We were doing a straight-leg stretch -- (Parsvottanasana -- don't ask me how to pronounce that) which I usually really, really hate because my ankles are always screaming, not to mention my hamstrings and I never feel like I can relax into it at all because it's not at all relaxing.
My instructor is forever reminding us that our knees can stay loose in various positions -- especially when we're practicing balancing poses where a locked knee on your base leg will probably result in your tree falling over. She reminded us again during the straight-leg stretch to loosen our knees and take breaks to help deepen the stretch.
In my vision of a perfect straight-let stretch the front leg is always board-stiff and straight-edge straight so as to make an isosceles triangle that would make Pythagoras want to take up yoga. Also, breaks are for the weak! But I have no place having a vision about how things are supposed to be. I've only been doing yoga for six months, so what the hell do I know anyway?

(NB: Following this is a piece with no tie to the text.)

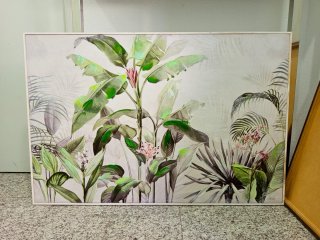 Cuadro plantas tropicales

So in the class, I threw Pythagoras to the wind and loosened my knee and hallelujah! I Parsvottanasanaed the shit out of my leg. Instead of fighting gravity, I kept sinking until I was almost kissing my knee. I don't imagine I looked much like the picture -- but that wasn't the point. I was doing what I needed to be doing and it felt really good.
And more importantly, it got me thinking about all the other areas of my life where my metaphorical locked-knees cause me unnecessary frustration and aggravation. There are so, so many places where if I just loosen the hold of rigid expectations that I might be able to dispel anxiety and just let go.
|As evidenced by this tantrum Lily threw on the garage floor -- |
things have been a little tense around here lately.
Like how many stories we read before bedtime, who gets to dispense the toothpaste ("I can do it all by myself!" she says. And, as it turns out, she can), or which outfit can be worn for the third time in a week.
|Cuz sometimes a girl has to gnaw on a leaf|
without her mom freaking out.**
Because while boundaries are important, feeling competent in your ability to, you know, live life and stuff is pretty critical, too.
So I'm going to loosen my mom knees a little in hopes that next week I feel a little less tyrannical and shrill and a little more flexible.
*For the record, I never intended to be this annoying yoga cheerleader. It's new to me -- on many levels. I'd never taken group fitness classes, never considered myself to be particularly graceful or coordinated, never thought much about how my emotional, spiritual and physical health are so tied together, and definitely never thought I'd be that mom. Wearing the yoga pants. Lugging around a mat and kids. Namaste-ing. But I think that skeptical/sarcastic/judgmental part is me is a voice I've been living with since high school -- the one that sees me doing something kinda cliched or mainstream or, you know, the thing and I laugh at it in a belittling way. (the same way I laugh at others for, say, eating kale chips or growing giant beards). But I'm a grownup now, and more importantly, I'm a parent who needs to set a positive example for self-fulfillment and self-expression. So I need to acknowledge in a non-skeptical, non-sarcastic, non-judgmental way that practicing yoga continues to help me grow as a person -- making me both physically and mentally stronger. And that's that.
** These are oak leaves, and I just read that if consumed in large quantities they can be poisonous to humans and livestock. There's no need to be alarmed though, I can barely get Lily to eat one edible green (or formerly green) form of plant life. Nibbling on the tip of an oak leaf stem (or even just dangling it from her mouth) might be the closest thing she gets to ruff age all month!